Pakistan’s battered economy took another hit as exports plummeted 20.4% in December 2025, the fifth straight monthly decline amid a perfect storm of regional conflicts and structural flaws. This data from official sources underscores a trade apparatus on the brink.
Geopolitical flashpoints with India and Afghanistan have locked down borders, derailing trade flows and amplifying costs. Over-reliance on Chinese partnerships has turned expensive, with trade barriers compounding the pain.
Key figures show exports dipping to $2.32 billion from $2.91 billion year-ago, while imports grew 2% to $6.02 billion, inflating the monthly deficit 24% to $3.7 billion. These trends reveal entrenched challenges: narrow export baskets, competitiveness gaps, and marginal global chain roles.

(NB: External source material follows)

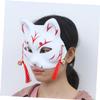 Amosfun Anime Mask Cosplay Kitsune Mask Japanese Half Face Cat Fox for Halloween Party Dress Up Masquerade Cosplay view 3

Fiscal half-year stats (July-Dec 2025-26) confirm the malaise—exports down 8.7% at $15.18 billion, imports up 11.3% to $34.39 billion, deficit exploding 35% to $19.2 billion. Long-term patterns depict stagnant exports unable to counter import surges or rival regional economies.
Successive governments have survived on foreign assistance, remittances, and borrowings, concealing export deficiencies instead of curing them. Now, with deficits surging, these props falter under real economic duress.
The path ahead demands bold action: diversify offerings, boost productivity, and forge global links. Failure risks a vicious cycle of inflation, debt, and stagnation, threatening Pakistan’s fragile recovery hopes.